### WHAT IS EXPECTED
Without the pictures, write out all the lines below exactly as they appear.

Web page caption snippets:
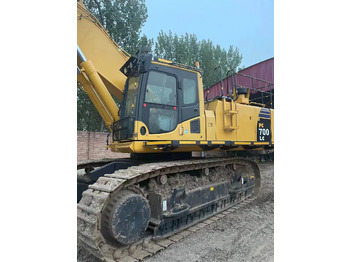 Pásové rýpadlo KOMATSU PC700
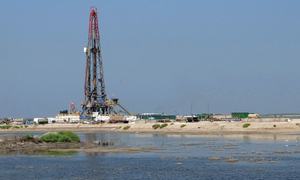 Tired of China&rsquo;s grip, Iran confronts harsh oil reality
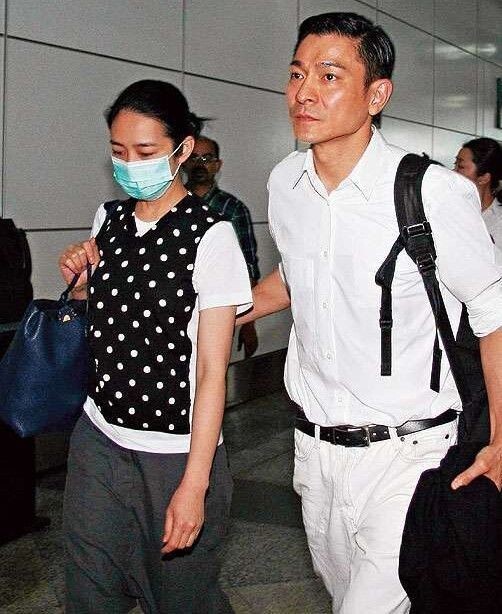 刘德华的妻子叫什么?女儿是什么时候生的? 刘德华的妻子叫什么?女儿是什么时候生的?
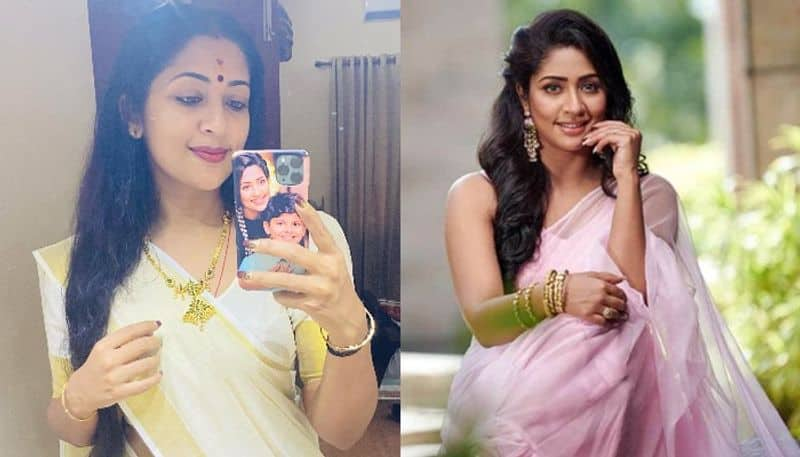 navya nair saree beautiful photos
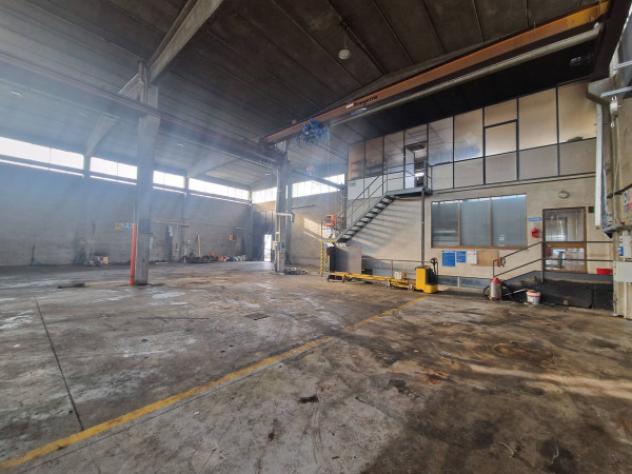 Immobile di 2400 m² con più di 5 locali in vendita a Pero - Foto 16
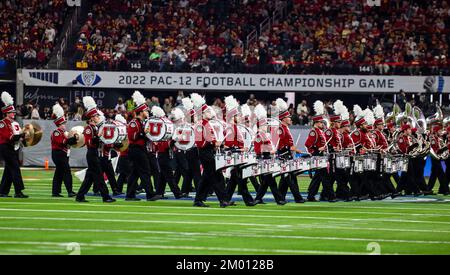 Allegiant-Stadion. 02.. Dezember 2022. NV USA Utah Band auf dem Spielfeld während des NCAA Pac 12 Fußballmeisterschaftsspiels zwischen den USC Trojanern und den Utah Utes. Utah schlug die USC 47-24 im Allegiant Stadium. Thurman James/CSM/Alamy Live News Stockfoto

### PROBLEM SOLUTION
 Pásové rýpadlo KOMATSU PC700
 Tired of China&rsquo;s grip, Iran confronts harsh oil reality
 刘德华的妻子叫什么?女儿是什么时候生的? 刘德华的妻子叫什么?女儿是什么时候生的?
 navya nair saree beautiful photos
 Immobile di 2400 m² con più di 5 locali in vendita a Pero - Foto 16
 Allegiant-Stadion. 02.. Dezember 2022. NV USA Utah Band auf dem Spielfeld während des NCAA Pac 12 Fußballmeisterschaftsspiels zwischen den USC Trojanern und den Utah Utes. Utah schlug die USC 47-24 im Allegiant Stadium. Thurman James/CSM/Alamy Live News Stockfoto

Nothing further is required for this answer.